His other fiction includes one suspense series (featuring American entrepreneur Merritt Fury), one contemporary detective series (featuring Chess Hanrahan, who solves paradoxical murders), and one period detective series (featuring Cyrus Skeen in Nineteen Twenties San Francisco).

Outside of his work as a novelist, Cline is known for his writings on aesthetics, his defense of capitalism[1] and of free speech, and his criticism of contemporary political trends, and of Islam (and religion in general).[2] Cline written on freedom of speech and censorship issues for The Encyclopedia of Library and Information Science and The Journal of Information Ethics. He has written numerous feature and cover stories, as well as book reviews, for Marine Corps League Magazine, The Colonial Williamsburg Journal, The Wall Street Journal, and The Intellectual Activist. His article on English political philosopher John Locke was carried in two editions of Western Civilization (McGraw-Hill). He has been a guest commentator for Rule of Reason at the Center for the Advancement of Capitalism[3] since 2006.[4] His numerous columns have also appeared on Capitalism Magazine, Family Security Matters, and other blog sites.

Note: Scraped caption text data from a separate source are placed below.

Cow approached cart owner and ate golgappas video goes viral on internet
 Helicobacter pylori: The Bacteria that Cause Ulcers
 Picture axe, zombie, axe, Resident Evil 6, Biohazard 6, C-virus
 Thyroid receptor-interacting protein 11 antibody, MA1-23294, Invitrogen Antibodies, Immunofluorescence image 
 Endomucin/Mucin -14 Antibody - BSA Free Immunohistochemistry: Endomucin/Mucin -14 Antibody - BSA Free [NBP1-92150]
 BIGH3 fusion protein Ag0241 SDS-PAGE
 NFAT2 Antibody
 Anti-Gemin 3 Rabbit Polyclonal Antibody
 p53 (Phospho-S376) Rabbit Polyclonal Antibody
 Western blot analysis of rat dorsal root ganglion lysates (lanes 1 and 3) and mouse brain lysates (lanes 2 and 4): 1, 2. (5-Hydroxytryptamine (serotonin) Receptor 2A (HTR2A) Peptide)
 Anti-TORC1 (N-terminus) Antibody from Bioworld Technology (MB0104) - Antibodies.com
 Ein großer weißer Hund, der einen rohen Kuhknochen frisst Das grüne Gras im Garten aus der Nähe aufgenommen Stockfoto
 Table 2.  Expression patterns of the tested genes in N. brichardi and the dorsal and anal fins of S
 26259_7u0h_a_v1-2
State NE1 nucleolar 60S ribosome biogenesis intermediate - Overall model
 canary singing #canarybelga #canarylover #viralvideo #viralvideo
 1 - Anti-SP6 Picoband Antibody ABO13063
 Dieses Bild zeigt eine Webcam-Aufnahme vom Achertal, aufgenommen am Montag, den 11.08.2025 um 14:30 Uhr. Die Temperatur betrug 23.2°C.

As a writer, his strongest influence has been novelist-philosopher Ayn Rand.

On June 15, 2016, Cline's name was on a list of over 8,000 names that was characterized as an ISIS Kill List.[5] Cline's landlord, Alison Otey, promptly evicted him. In an interview with Vocativ Cline said, “The situation is unprecedented in my lifetime experience. I’ve never before been evicted or thrown under the bus for what I think and write.”.[6]